- Born: 2 January 1886 Glasgow, Scotland
- Died: 22 June 1957 (aged 71) Cape Town, South Africa
- Allegiance: United Kingdom
- Branch: Aviation
- Rank: Lieutenant
- Unit: No. 48 Squadron RAF
- Awards: Distinguished Flying Cross

= Thomas G. Rae =

Lieutenant Thomas Gillies Rae (2 January 1886 – 22 June 1957) was a Scottish World War I flying ace credited with six aerial victories.
He served with the Royal Flying Corps during World War I and was awarded the Distinguished Flying Cross. He served in Flanders and in Europe. After the war he went to South West Africa and worked in the Administration, Public Works Department, where he later became senior inspector of works in Windhoek until 1945 when he retired to his farm in Grootfontein district. He died in Volka hospital in Cape Town on 22 June 1957 at the age of 72 years. Tribute has been paid to Mr Rae as having contributed a great deal to the development of the Territory. He was a capable officer and did much pioneer work in the South West. He was a great hunter, and in 1928 accompanied Prince Arthur, Duke of Connaught and Strathearn (third son of Queen Victoria and at the time the Governor General) on a three-week hunting trip covering 1,600 miles, and in 1926/7 accompanied the Governor General Alexander Cambridge, 1st Earl of Athlone (third son of Francis, Duke of Teck, brother of Mary of Teck, who was married to Princess Alice of Albany in 1904) on an elephant hunt in South Kaokoveld.

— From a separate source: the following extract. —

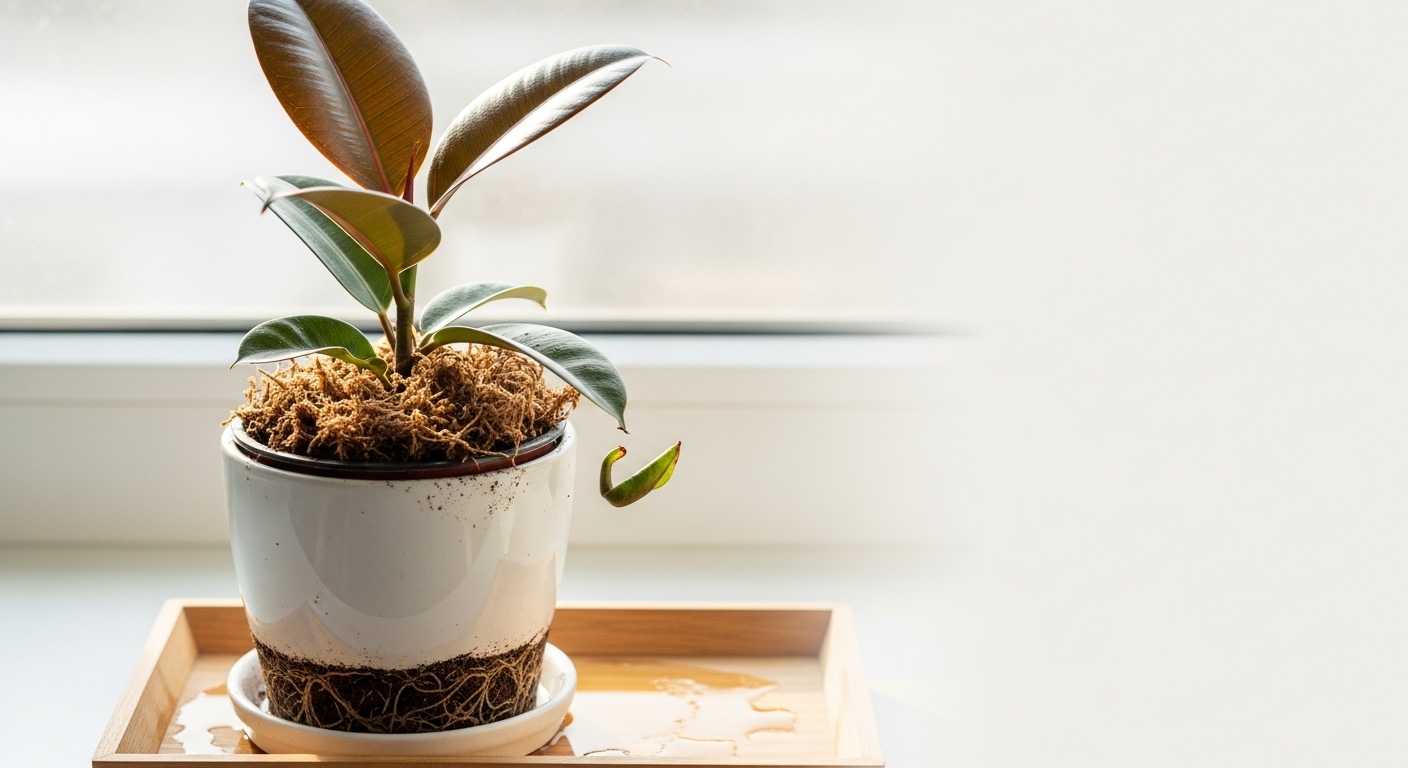 Freshly potted air-layered ficus cutting on a bright windowsill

Mention must be made that "Tommy" was one of the finest all-round sportsmen that his country ever produced. He started competitive swimming at the age of 11 years, being the youngest to obtain the honour of holding the Western Province Diving Championships for several years undefeated. For five years he competed in the Currie Cup (inter provincial) with the Water Polo Teams (Johannesburg) and represented South Africa many times. He was an outstanding diver and swimmer and used to dive off the cranes at the Cape Town Docks. An outstanding football player, he played in the Currie Cup, Western Province Mother Country vs Colonial born and England vs Scotland. He was an undefeated featherweight boxing champion for four years ending in 1907 and was selected to go to England for trials but was unable due to work commitments and insufficient time to train. "Tommy" won countless other medals and prizes for running, walking, cricket, tennis, golf, billiards, horse riding and lifesaving (actual and theoretical)

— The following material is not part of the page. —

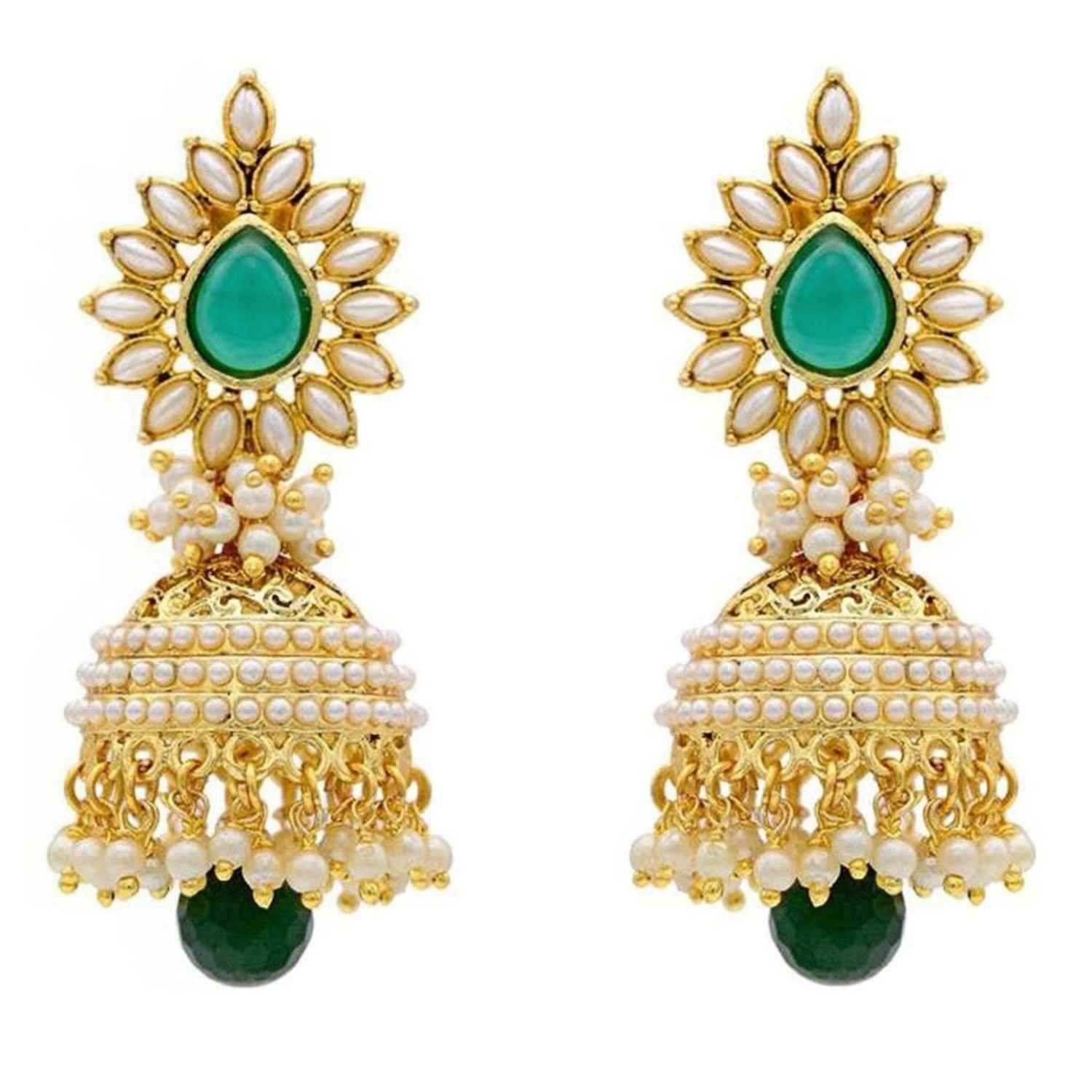 Buy Crunchy Fashion Glorious Pearly Fresh Glamour Jhumka - Purplle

Thomas Gillies Rae enlisted at the age of 16, served in the South African War with the Imperial Light Horse Campaign Regiment and then the Royal Flying Corps where he was awarded the D.F.C in France as a lone fighter pilot, being "cool, calm and fearless"

==His victories==
Rae piloted a two-seater Bristol F.2 Fighter for 48 Squadron. In the month from 4 October to 4 November 1918, he defeated six Fokker D.VII fighters. One he had set on fire, four more were destroyed, and one was driven down out of control. At least four of these victories were credited to his front gun.